Exercise description. Give again, exactly as written, the lines of the records below from the line with "Baraja De Cartas" to the line with "black and white". Both end lines count; pictures do not.

Supplied records.
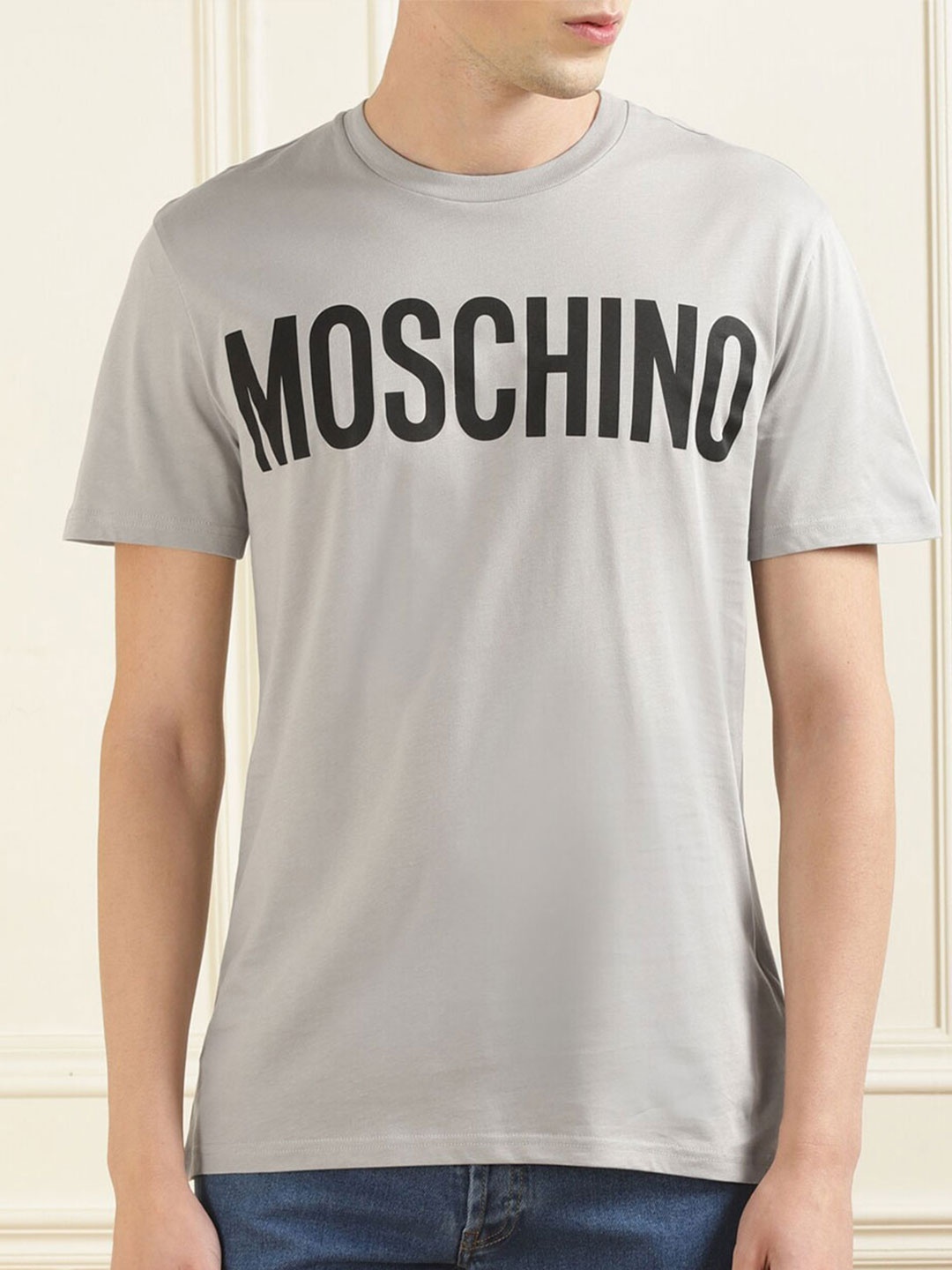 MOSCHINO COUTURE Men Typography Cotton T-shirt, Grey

...

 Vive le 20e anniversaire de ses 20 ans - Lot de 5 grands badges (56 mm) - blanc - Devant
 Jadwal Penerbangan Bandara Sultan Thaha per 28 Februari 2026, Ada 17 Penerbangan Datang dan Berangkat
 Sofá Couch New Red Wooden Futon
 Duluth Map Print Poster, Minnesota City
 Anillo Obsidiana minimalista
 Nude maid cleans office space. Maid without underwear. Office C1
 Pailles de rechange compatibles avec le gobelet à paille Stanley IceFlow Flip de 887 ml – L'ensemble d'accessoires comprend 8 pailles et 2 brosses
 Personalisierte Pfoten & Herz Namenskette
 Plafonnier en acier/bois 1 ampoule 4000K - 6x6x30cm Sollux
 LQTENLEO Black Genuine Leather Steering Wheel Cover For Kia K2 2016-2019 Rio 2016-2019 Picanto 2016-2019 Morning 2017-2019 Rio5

---

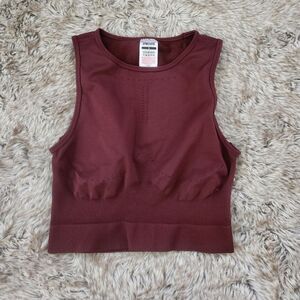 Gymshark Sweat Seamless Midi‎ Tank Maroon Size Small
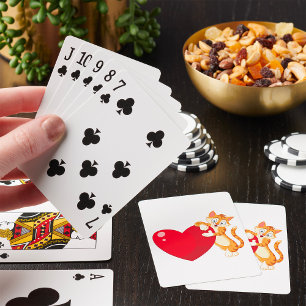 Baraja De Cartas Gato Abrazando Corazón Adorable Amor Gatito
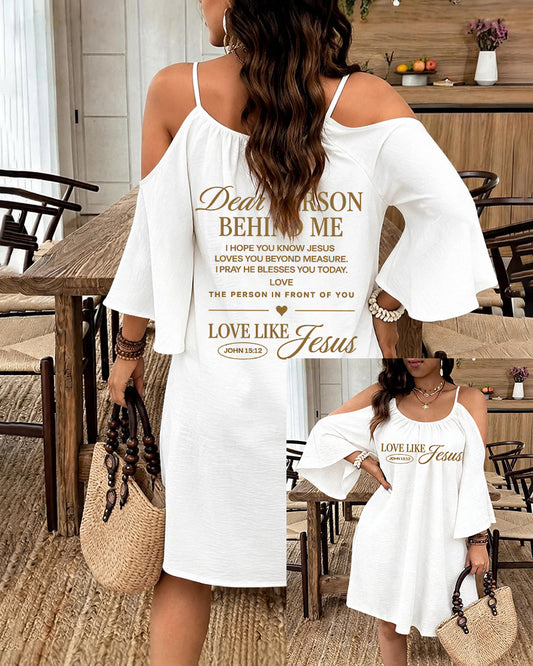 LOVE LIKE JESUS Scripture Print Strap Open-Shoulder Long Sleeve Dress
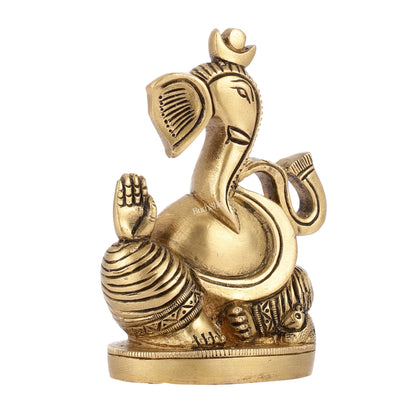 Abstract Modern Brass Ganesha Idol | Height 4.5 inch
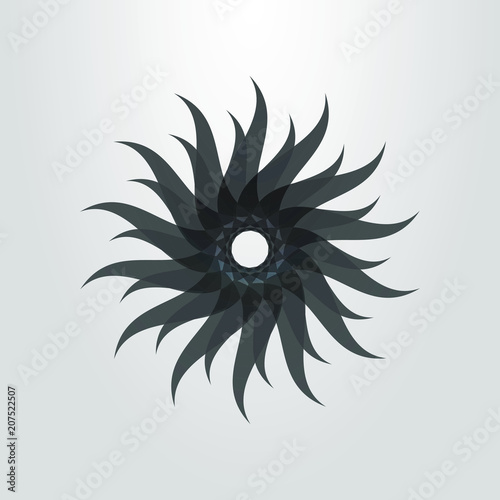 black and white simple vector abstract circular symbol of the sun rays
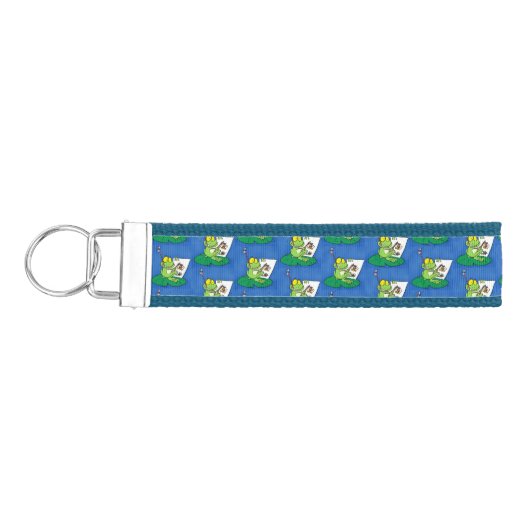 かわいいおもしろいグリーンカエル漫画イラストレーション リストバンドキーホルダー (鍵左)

Solution below.
 Baraja De Cartas Gato Abrazando Corazón Adorable Amor Gatito
 LOVE LIKE JESUS Scripture Print Strap Open-Shoulder Long Sleeve Dress
 Abstract Modern Brass Ganesha Idol | Height 4.5 inch
 black and white simple vector abstract circular symbol of the sun rays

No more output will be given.